Work order
Write out word for word each line from the one containing "Certified 2024 Ford" through the close of the listing, including both ends. Pictures do not belong in the copy.
*** Exercise input ***
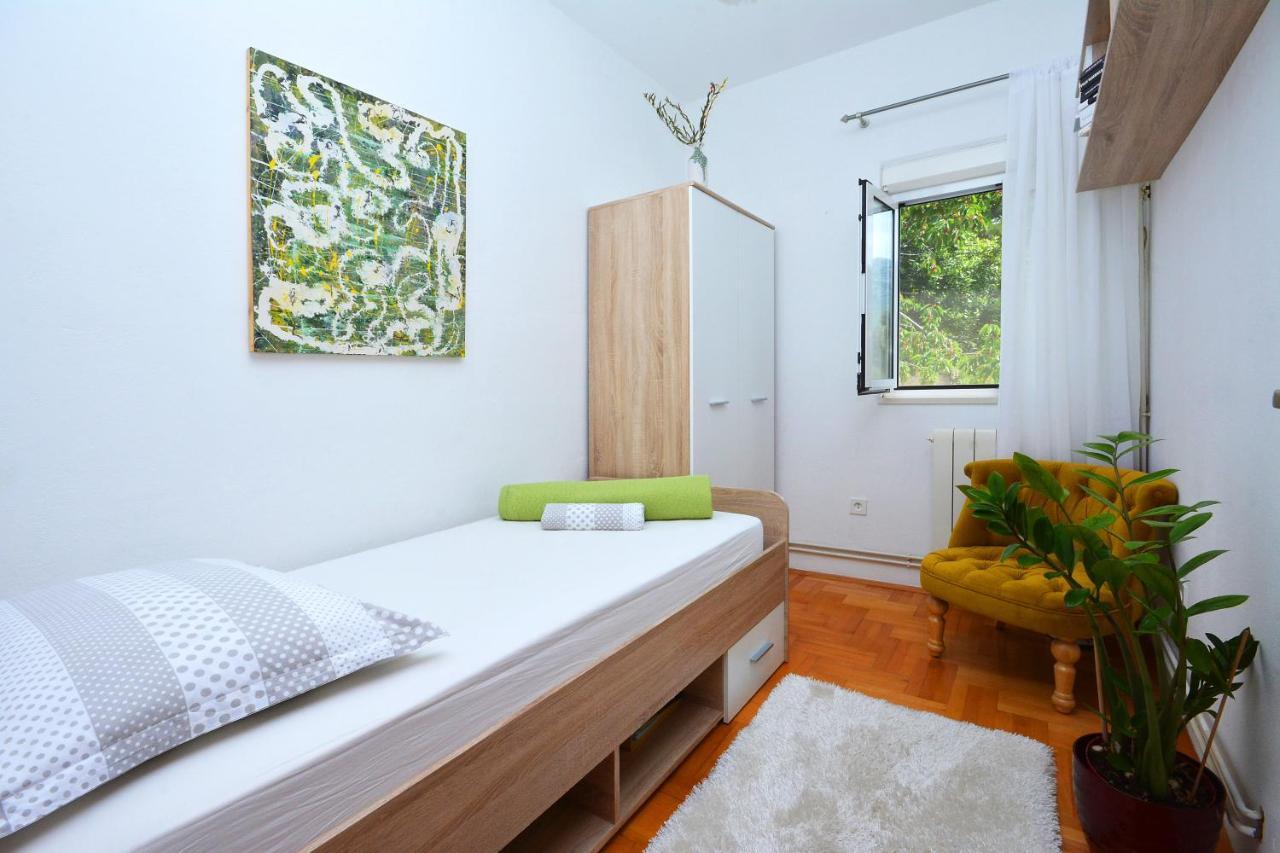 Artsy Apartment Klis Екстер'єр фото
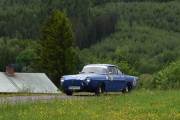 Renault Floride S fra 1962 har 57 hestekrefter, hvorfor jeg ikke kunne ta den i svingen, er at jeg gjør klart mitt kamera. Men den har veltebøyler innvendig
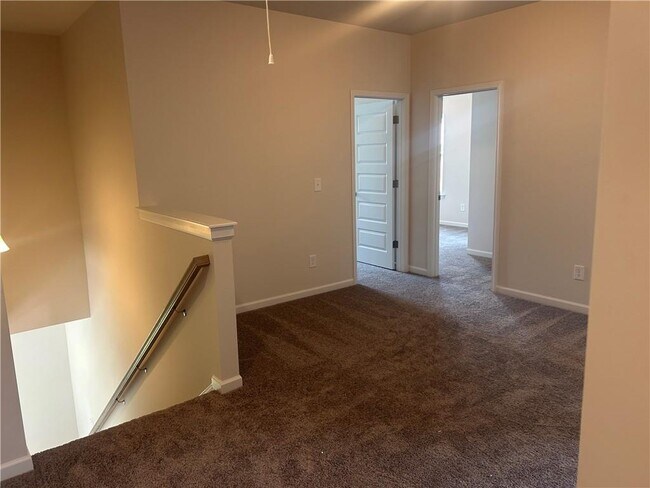 Building Photo - 1083 Lyndhurst Ln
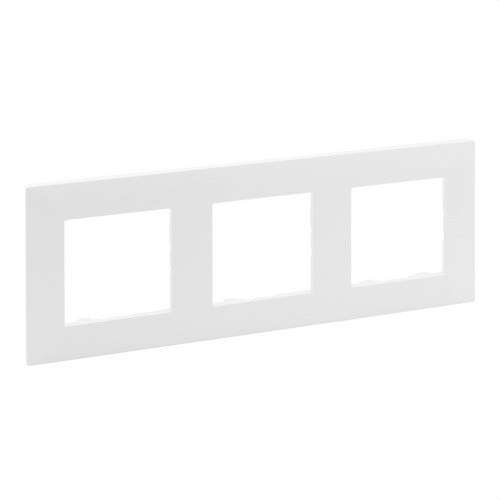 Ramă decorativă cu 3 elemente alb mat Niloé Step cu referința 864173 de la marca LEGRAND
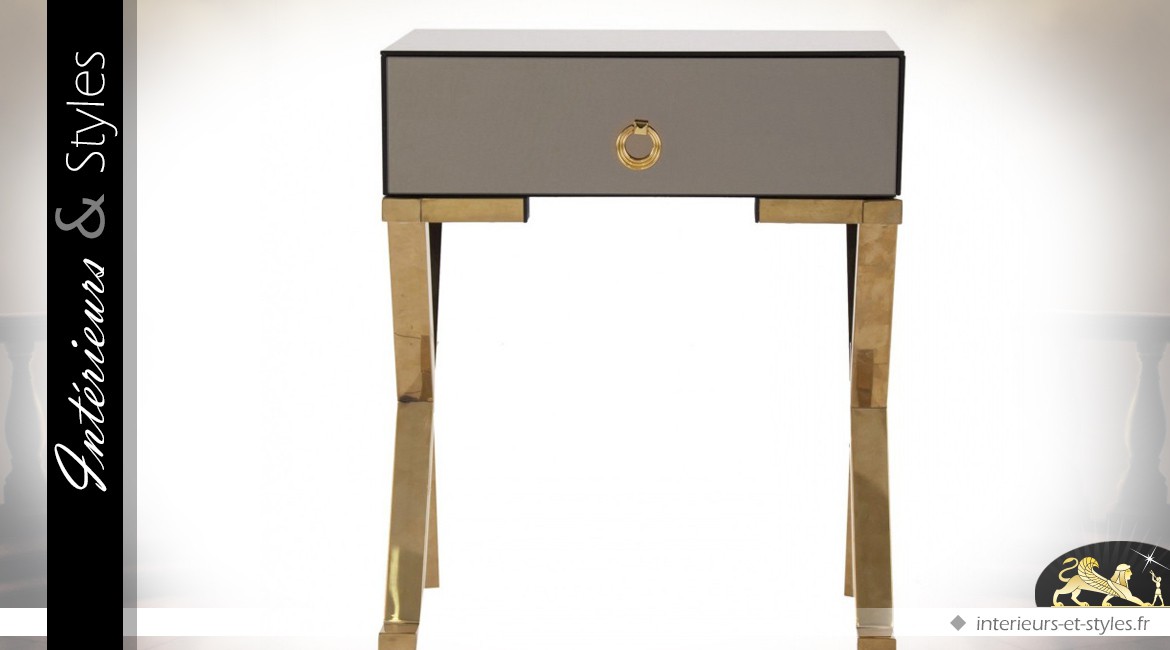 Table de chevet design en miroir et métal doré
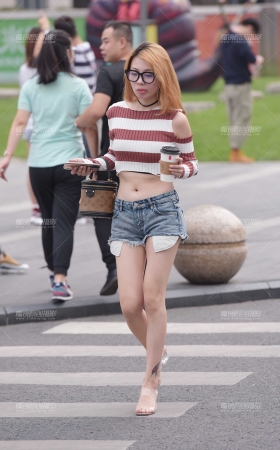 眼镜娘 [14P]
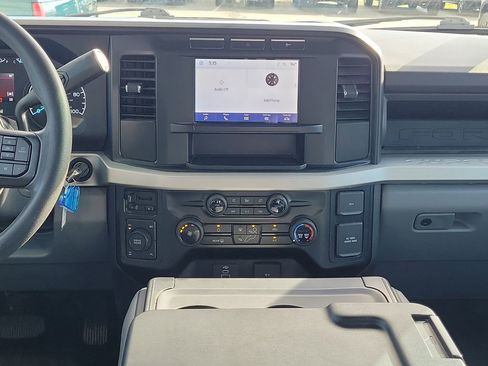 Certified 2024 Ford F250 XL w/ XL Chrome Package AWD/4WD image 16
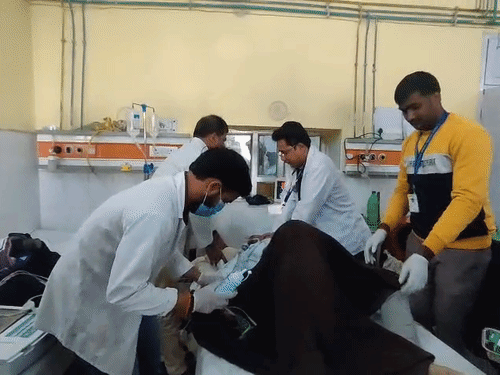 गोंडा के मेडिकल कॉलेज में हालत बिगड़ने पर BLO विपिन यादव को सीपीआर दिया गया। लेकिन, उनकी लखनऊ में मौत हो गई।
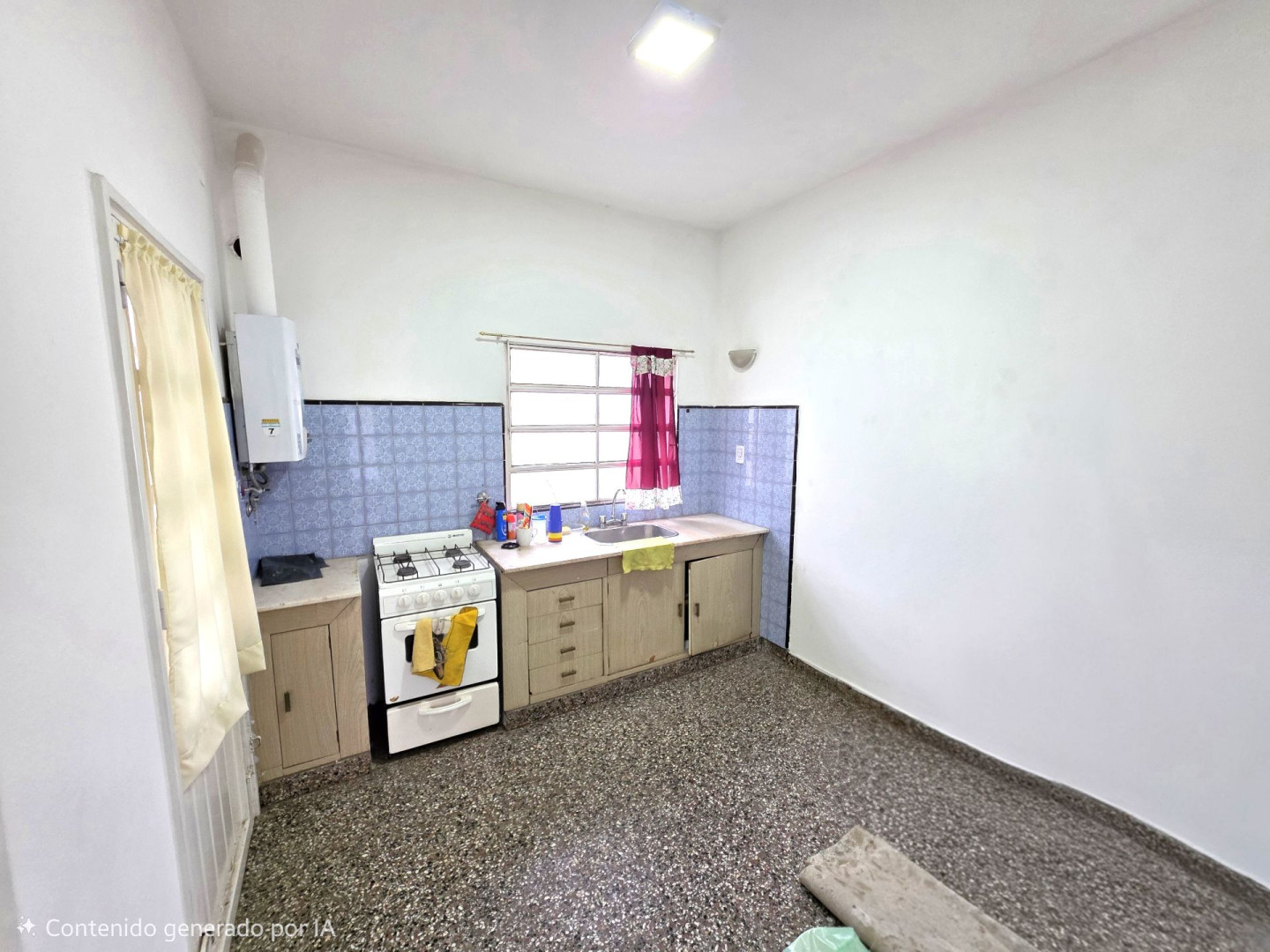 Casa en Alquiler en Ecuador 2156, Villa Rosas, Bahía Blanca - Bahía Blanca Propiedades | SITIO OFICIAL l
*** End of Exercise input ***
Task solution
 Certified 2024 Ford F250 XL w/ XL Chrome Package AWD/4WD image 16
 गोंडा के मेडिकल कॉलेज में हालत बिगड़ने पर BLO विपिन यादव को सीपीआर दिया गया। लेकिन, उनकी लखनऊ में मौत हो गई।
 Casa en Alquiler en Ecuador 2156, Villa Rosas, Bahía Blanca - Bahía Blanca Propiedades | SITIO OFICIAL l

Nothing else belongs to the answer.